───── SUPPLIED DATA ─────
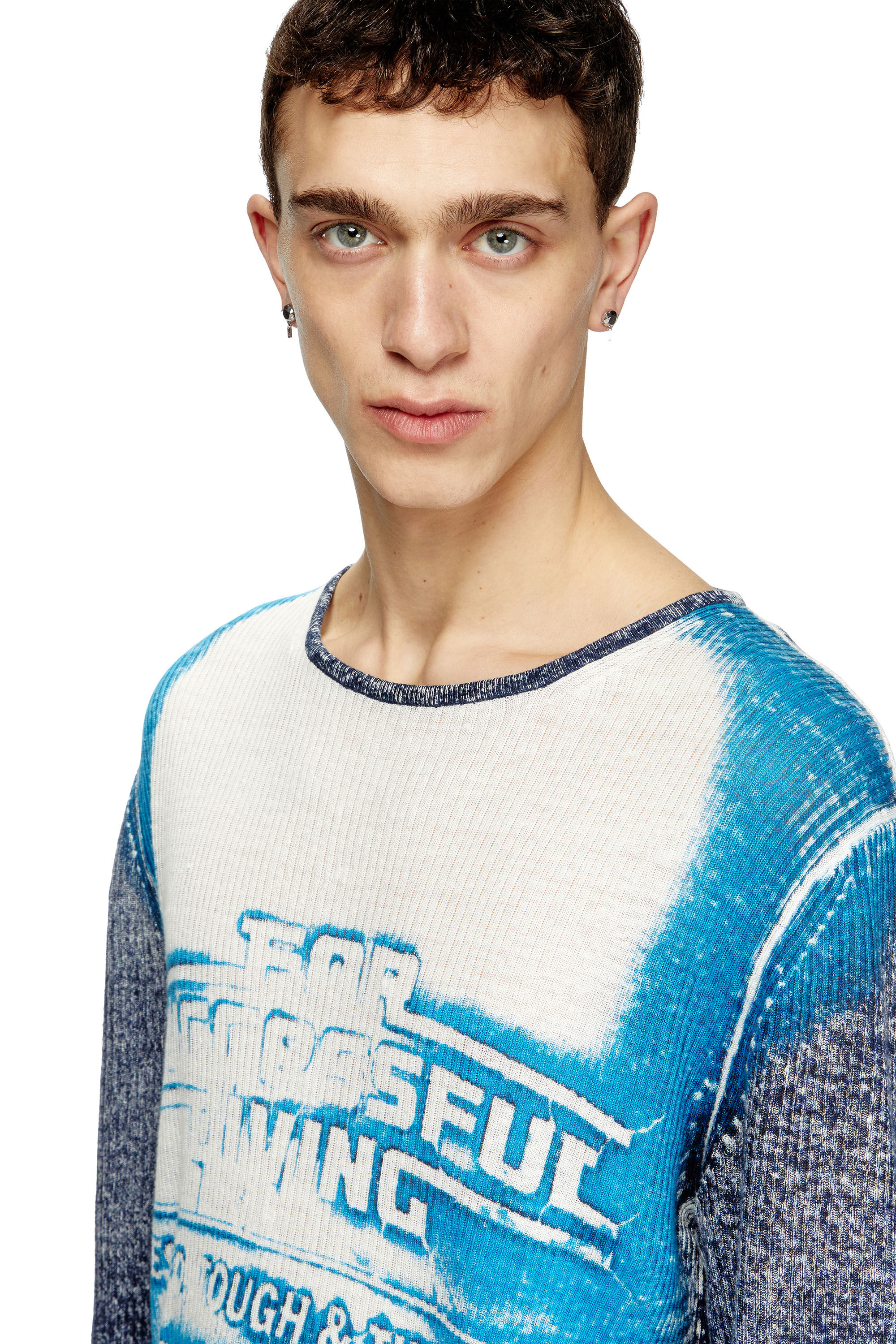 Diesel - K-ROD, Male's Linen jumper with logo graphic in Blue - 5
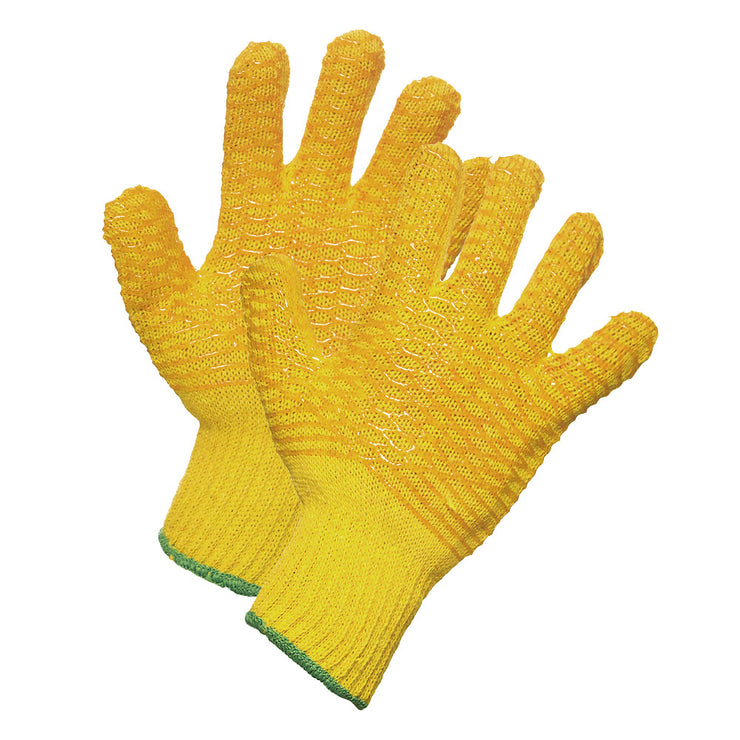 Yellow String Knit Work Gloves with PVC Criss-Cross Grip, XL
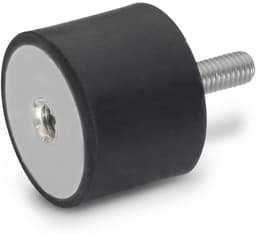 Rubberen Buffer - Trillingsdemper Elastische Steun - Machine Demping - Gevulkaniseerd Rubber - d1: 15mm h: 15mm - Zwart — thumbnail 4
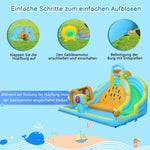 ZUN Inflatable castle for children with inflator 450W, slide, jump area, climbing wall, 395 x 350 x 260 48941692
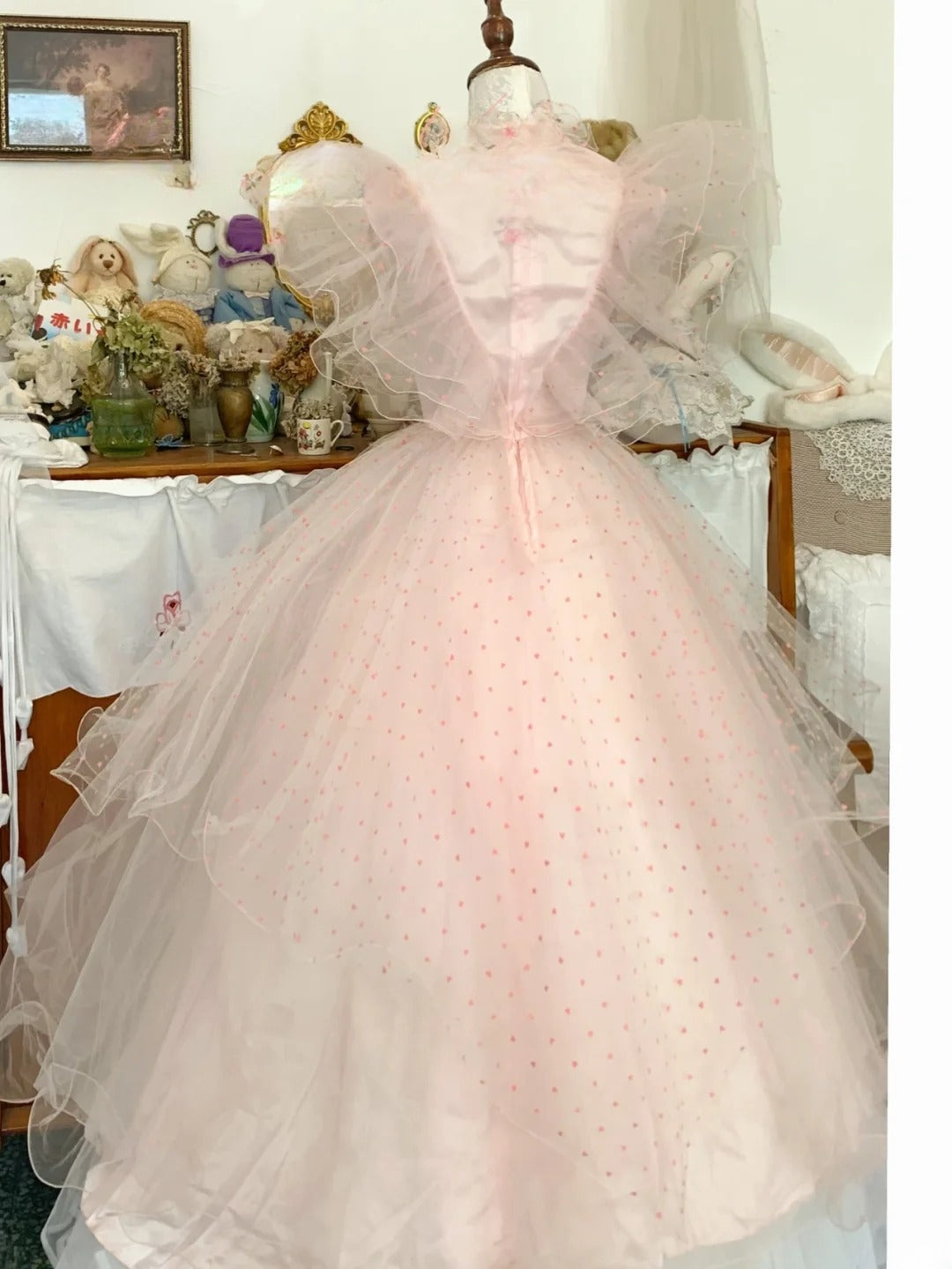 Pink Sweet 16 Dress Tulle Ballgown High Neck Polka Dots Sweet Sixteen Dress With Ruffled RB9676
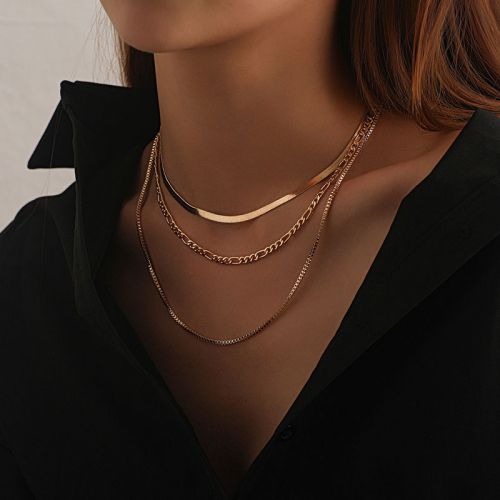 Snake Chain Twisted Rope Chain Figaro Chain Layered Necklace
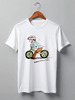 Заказать мужскую футболку в Москве. Футболка классическая Беговелогонщик от Julissa_limejuice - готовые дизайны и нанесение принтов.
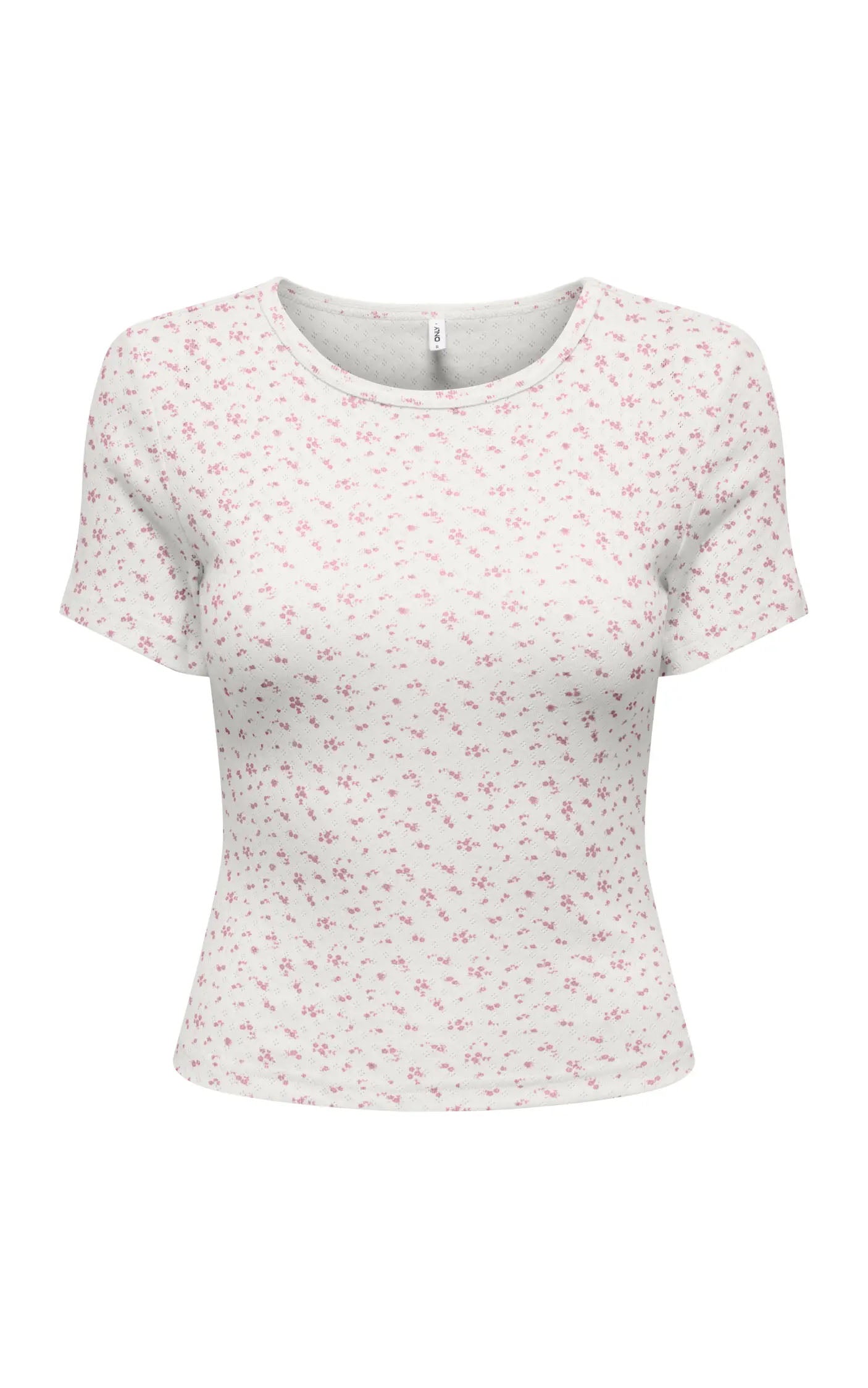 Madison Baby Tee in Cloud with Gry Flower Romance Rose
─────
* THE PROBLEM: Please repeat the records above word for word, and do not include the pictures.

* COMPLETED TASK:
 Diesel - K-ROD, Male's Linen jumper with logo graphic in Blue - 5
 Yellow String Knit Work Gloves with PVC Criss-Cross Grip, XL
 Rubberen Buffer - Trillingsdemper Elastische Steun - Machine Demping - Gevulkaniseerd Rubber - d1: 15mm h: 15mm - Zwart — thumbnail 4
 ZUN Inflatable castle for children with inflator 450W, slide, jump area, climbing wall, 395 x 350 x 260 48941692
 Pink Sweet 16 Dress Tulle Ballgown High Neck Polka Dots Sweet Sixteen Dress With Ruffled RB9676
 Snake Chain Twisted Rope Chain Figaro Chain Layered Necklace
 Заказать мужскую футболку в Москве. Футболка классическая Беговелогонщик от Julissa_limejuice - готовые дизайны и нанесение принтов.
 Madison Baby Tee in Cloud with Gry Flower Romance Rose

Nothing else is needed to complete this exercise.